December 17, 2019

Dr. Cass Miller

Dr. Cass Miller

As part of their research into multiphase flow in porous medium systems, Cass T. Miller, PhD, Okun Distinguished Professor of environmental sciences and engineering at the UNC Gillings School of Global Public Health, William G. Gray, PhD, research professor of environmental sciences and engineering, and Jan F. Prins, PhD, professor of computer science, have been awarded 340,000 node-hours on the Oak Ridge Laboratory Computing Facility’s Summit supercomputer. This award was given by the U.S. Department of Energy’s Innovative and Novel Computational Impact on Theory and Experiment (INCITE) program. This current award represents the seventh year that Miller’s group has been supported under this prestigious program.
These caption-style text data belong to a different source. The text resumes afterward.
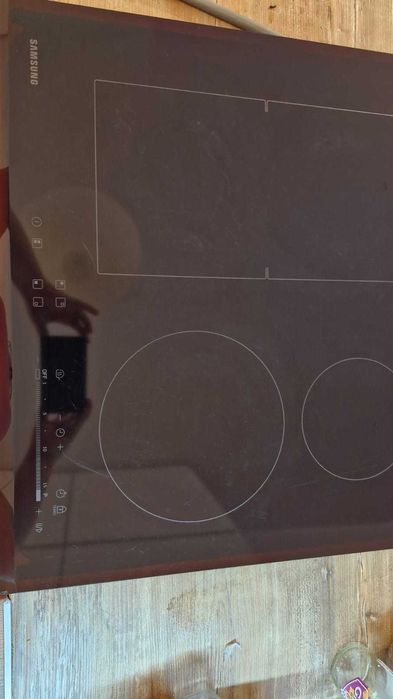 Płyta indukcyjna Samsung NZ64K5747BK
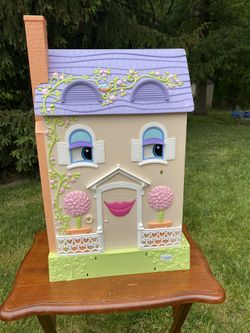 Caring Corners Mrs.Goodbee Interactive Doll House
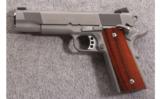 Les Baer ~ Custom ~ .45 ACP - 2 of 8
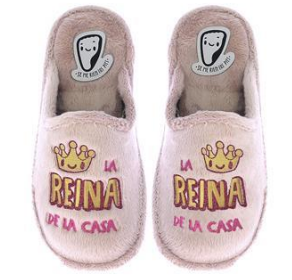 Zapatillas de Casa “La Reina de la Casa” - Se Me Ríen Los Pies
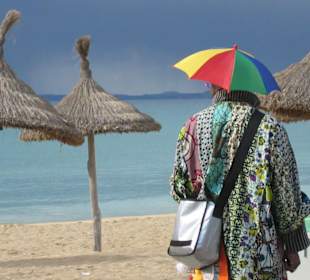 Lustiger Händler an der Playa de Palma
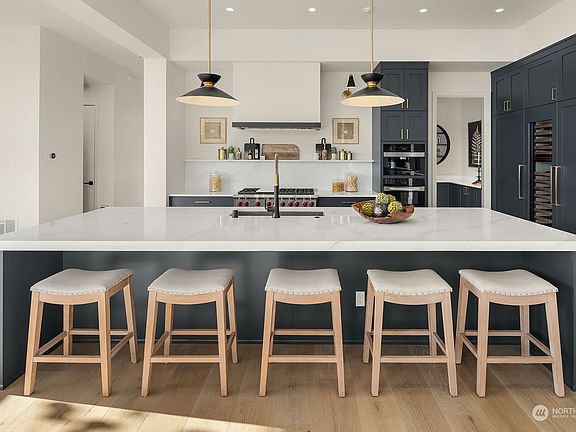 4th image of 510 98th Avenue NE
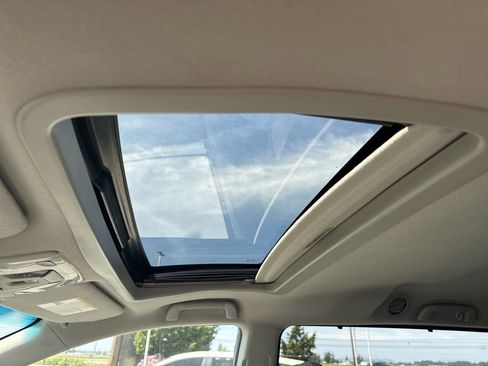 Used 2012 Toyota Sienna XLE FWD image 16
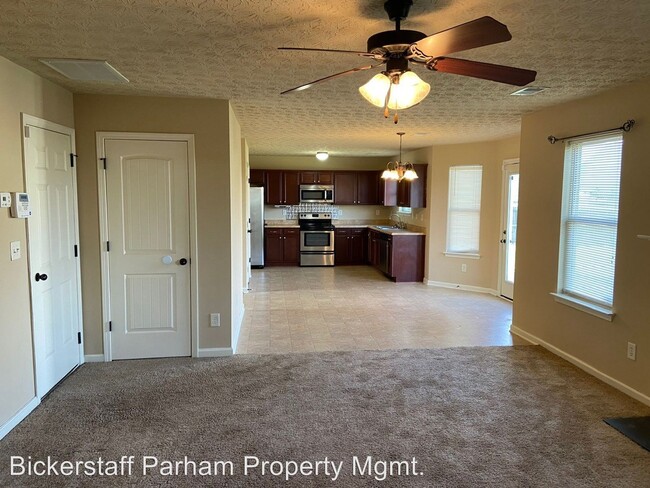 Building Photo - 3 br, 2.5 bath House - 11 Justice Dr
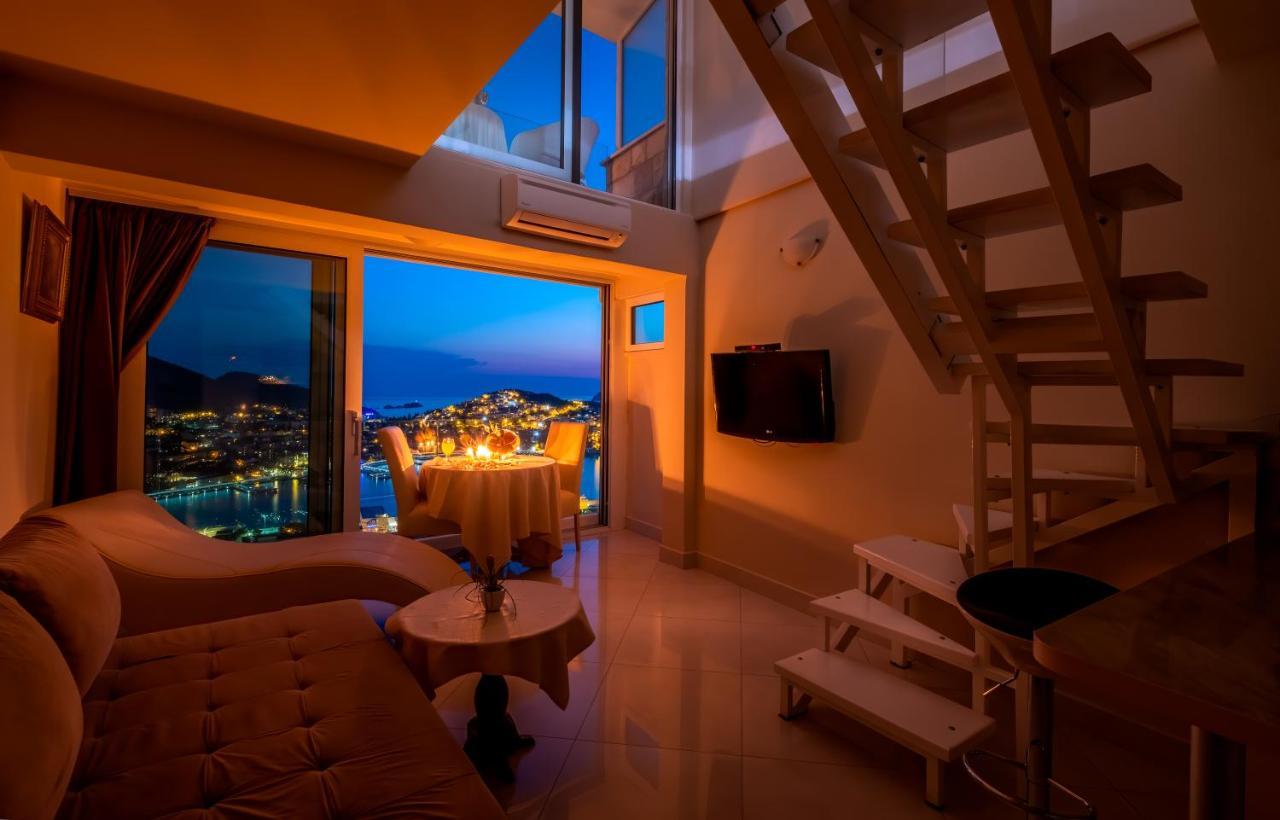 Duplex Studio Balcony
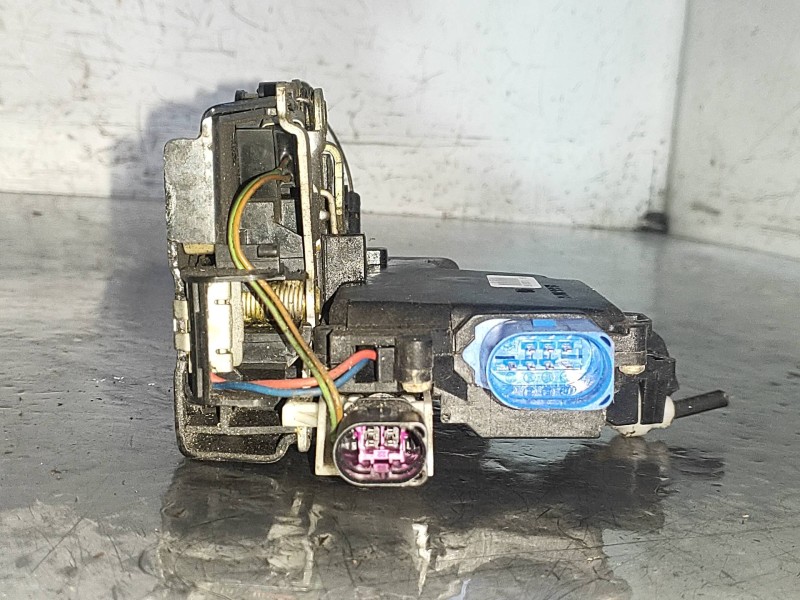 Recambio de motor cierre centralizado trasero derecho para volkswagen touareg (7la) tdi v10 referencia OEM IAM 7L0839016B 06B7L0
The Oak Ridge Laboratory hosts some of the country’s most advanced supercomputers for projects that tackle science’s most challenging questions. Researchers who are awarded time allotments from the INCITE program are seeking answers to questions that must be calculated using a scale of computation that cannot be performed anywhere else in the world. These transformational advances in science include understanding supernovae explosions, exploring cancer therapy through physical genomics and simulating high-pressure gas turbines for more efficient aircraft propulsion. This year, INCITE has awarded 47 projects access to the supercomputers at the Oak Ridge Laboratory.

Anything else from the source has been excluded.